Data for processing:
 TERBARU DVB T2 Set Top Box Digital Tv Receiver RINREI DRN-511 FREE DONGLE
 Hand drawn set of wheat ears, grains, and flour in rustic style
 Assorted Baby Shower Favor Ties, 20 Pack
---
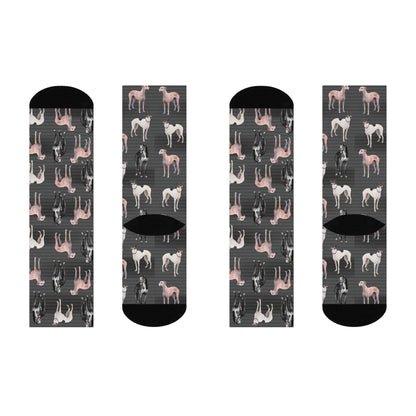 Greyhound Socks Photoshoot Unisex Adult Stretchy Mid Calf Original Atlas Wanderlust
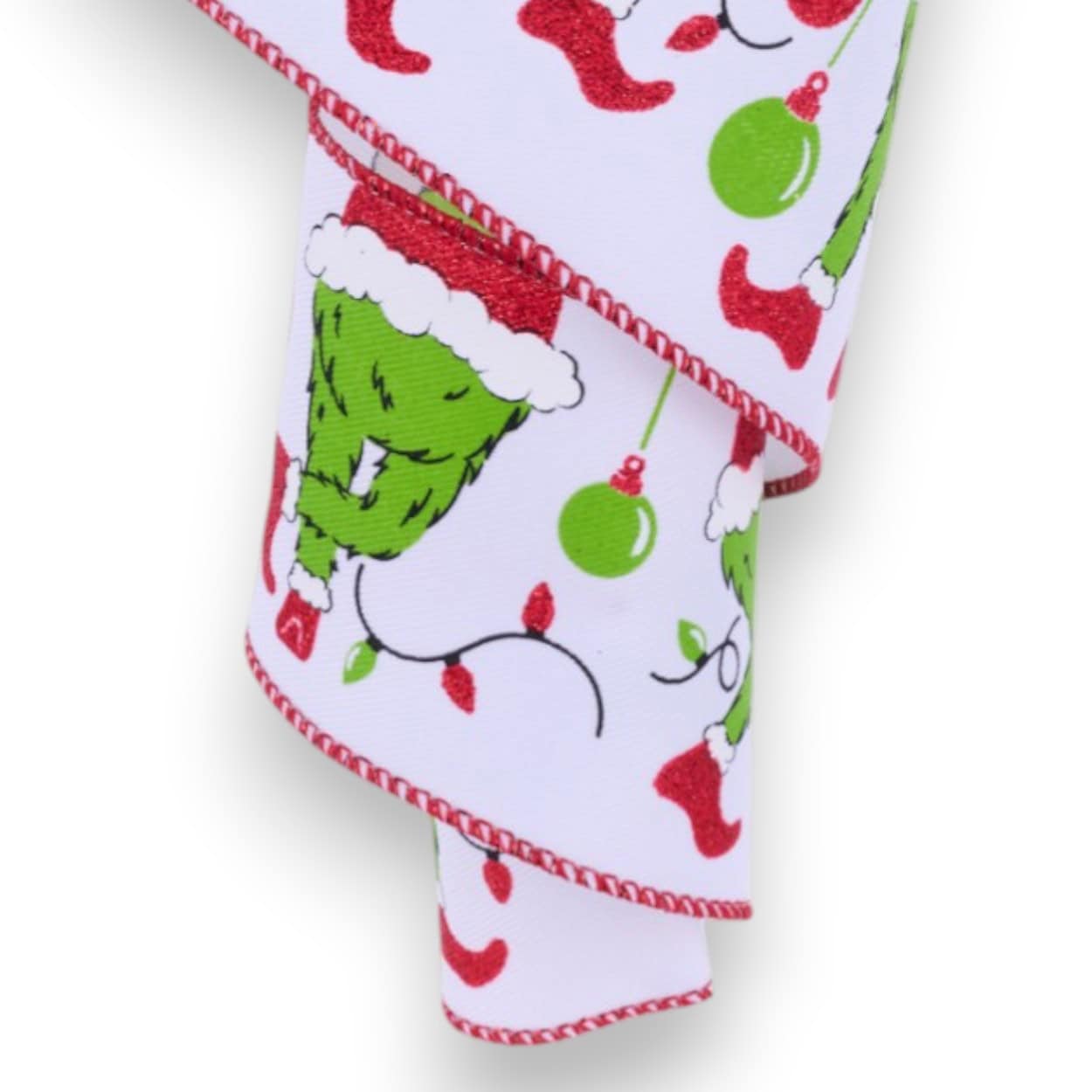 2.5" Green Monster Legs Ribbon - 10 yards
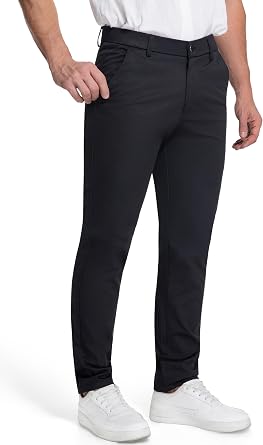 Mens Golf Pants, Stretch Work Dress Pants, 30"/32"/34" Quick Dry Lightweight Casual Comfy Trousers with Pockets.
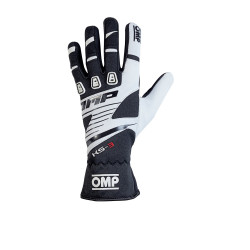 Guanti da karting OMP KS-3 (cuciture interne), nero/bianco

What to work on:
Set down, exactly as they stand above, the lines starting with the line with "TERBARU DVB T2" and going on through the line with "Assorted Baby Shower Favor Ties, 20 Pack", and no others.

Exercise response:
 TERBARU DVB T2 Set Top Box Digital Tv Receiver RINREI DRN-511 FREE DONGLE
 Hand drawn set of wheat ears, grains, and flour in rustic style
 Assorted Baby Shower Favor Ties, 20 Pack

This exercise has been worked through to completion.